Ricardo Venegas

La “culpa”: producto de la transgresión de la observancia católica, aparece en la literatura como cuestión moral más que como conflicto religioso. Tal es el caso de la obra de Ricardo Garibay, el polemista. La fe es un tema recurrente donde la divinidad emerge como una necesidad de cobijo y redención. En El Resucitado, de Jorge Prado Zavala, volver de la muerte es una provocación, como todo lo divino, para su sociedad. Advierte Elízabeth Montaño que “Prado lo retoma —el tema de la resurrección— a partir de preguntarse: ¿Qué pasó con Lázaro después de este hecho? ¿Cómo vivió y qué fue lo que sucedió con él? Entonces empieza un fino trabajo de creación literaria a partir de la nueva vida de este personaje después de volver del eterno viaje de la muerte”.

La deuda espiritual que asumió Garibay de manera inconsciente lo remitió al estudio de un gran poema contenido en la Biblia: El Cantar de los Cantares. En diversos programas televisivos y de radio, habló con vehemencia del significado del texto, incluso dedicó un sector de su obra al estudio del mismo. Conciliación del alma con su creador, un canto del pueblo de Israel para Jehová o la unión de los amantes, son interpretaciones que sobre el texto atribuido a Salomón coexisten. Pero fue la última la que le interesó. “Dice Fray Luis de León al explicar El Cantar de los Cantares que el alma está en el aliento, y por eso entre los amantes se acostumbra el beso, para recobrar el alma de la boca del amado”. Del mismo modo, Prado Zavala se internó en el misterio del Evangelio de San Juan para entregarnos una versión actualizada de lo que hizo Lázaro con su existencia después de regresar de la muerte —y qué es el nuevo Testamento sino una forma de ser contemporáneo con Dios. Ahí está la mirada de Lázaro que todo lo traspasa con su actitud de haber ido a un más allá que es un misterio para el hombre mundano.

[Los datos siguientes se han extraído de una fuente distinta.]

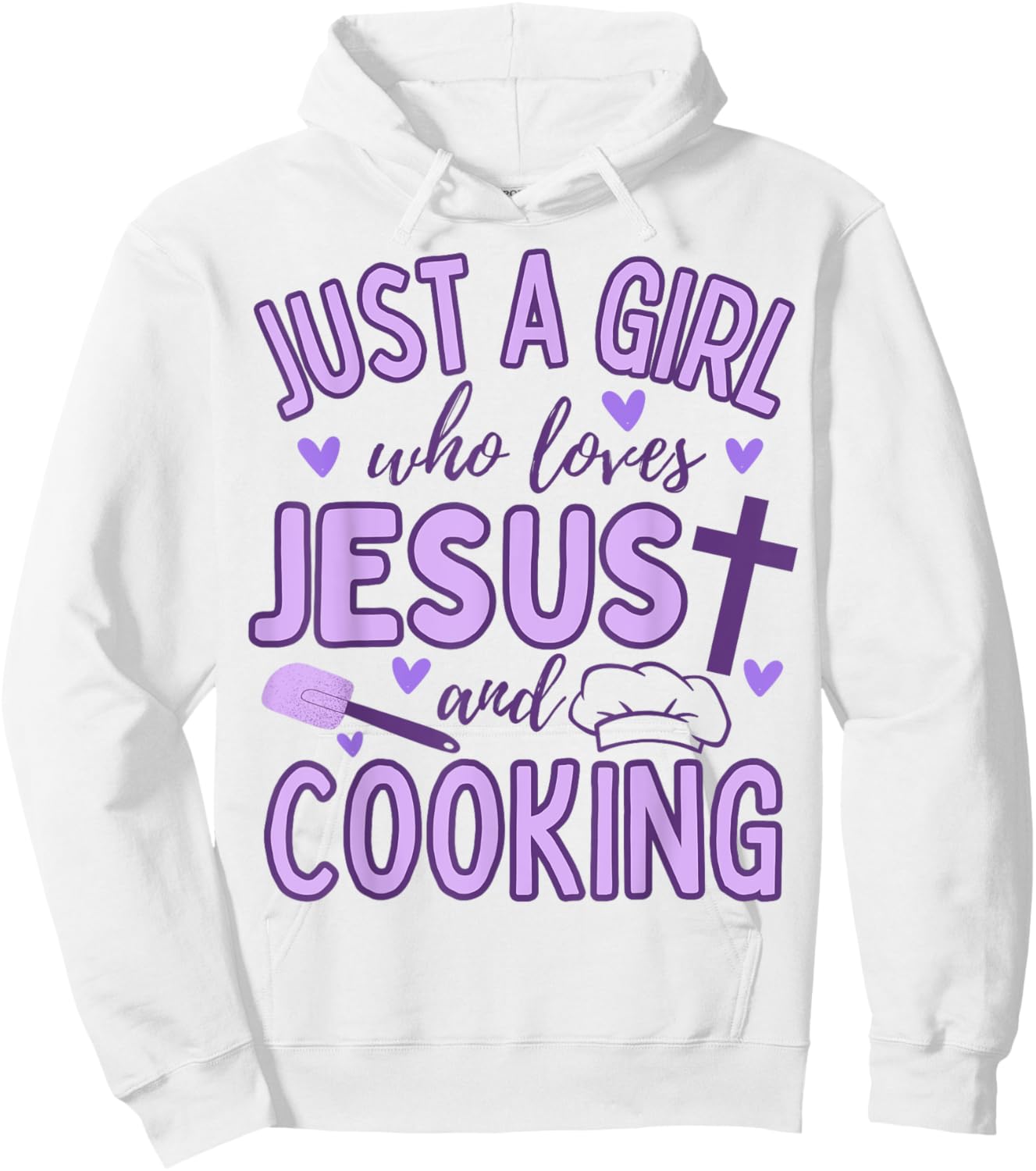 Just A Girl Who Loves Jesus and Cooking Christian Funny Chef Hoodie - Hoodie | White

Si para Garibay es casi impensable hablar de las mujeres sin un nexo con la divinidad; “es el lado secreto de la luna”, aseguraba. Para Prado Zavala, Lázaro es una forma de evaluar el valor de la vida, de realizar una cotización, un presupuesto de la existencia, el Resucitado vuelve a la vida pero no con la luz de la alegría, sino con el desencanto de un retorno que se antoja forzoso, con la camisa de fuerza de quien se obliga a respirar. El rostro de Lázaro también es una radiografía de nuestro tiempo: atestigua con su vigencia que el ser humano no es tan distinto de hace 2 mil años. Los imperios construidos con la sangre y el sacrificio de pueblos enteros continúan sobre la faz de la tierra, a la usanza del Imperio Romano. El hombre moderno carece de búsqueda espiritual, tal como Garibay lo afirma: “No soy un triunfador mundano, de ninguna manera, pero he amado bien, a fondo, con el pecado que esto supone. Opté por eso. Dije: ‘Basta, estoy aquí [en la Iglesia] golpeándome el pecho y hoy mismo, en la tarde, tengo que ver a fulana que no es mi mujer y que no cambiaría por nada! ¡Basta!’ Estoy hablando con una brutal sinceridad. No es divertido para mí. No es un halago. Y no hay la más leve sombra de jactancia en lo que estoy diciendo, al contrario, me siento un pequeño montón de mierda. Pero así ha sido. Ni modo”.

En el soneto de Francisco de Quevedo y Villegas, Amor constante, más allá de la muerte, se advierte: “alma a quien todo un dios prisión ha sido (…) polvo serán mas polvo enamorado”, como una forma de victoria del amor, de imprimir huella, de conocer toda la vida en un poema; cuerpo y espíritu contienden por el reino del alma, el anhelo de un hombre por llegar a Dios y el deseo de amar, evidencian el gran conflicto espiritual —y universal— de la carne y el espíritu de un Lázaro que busca “una manera de eternidad”.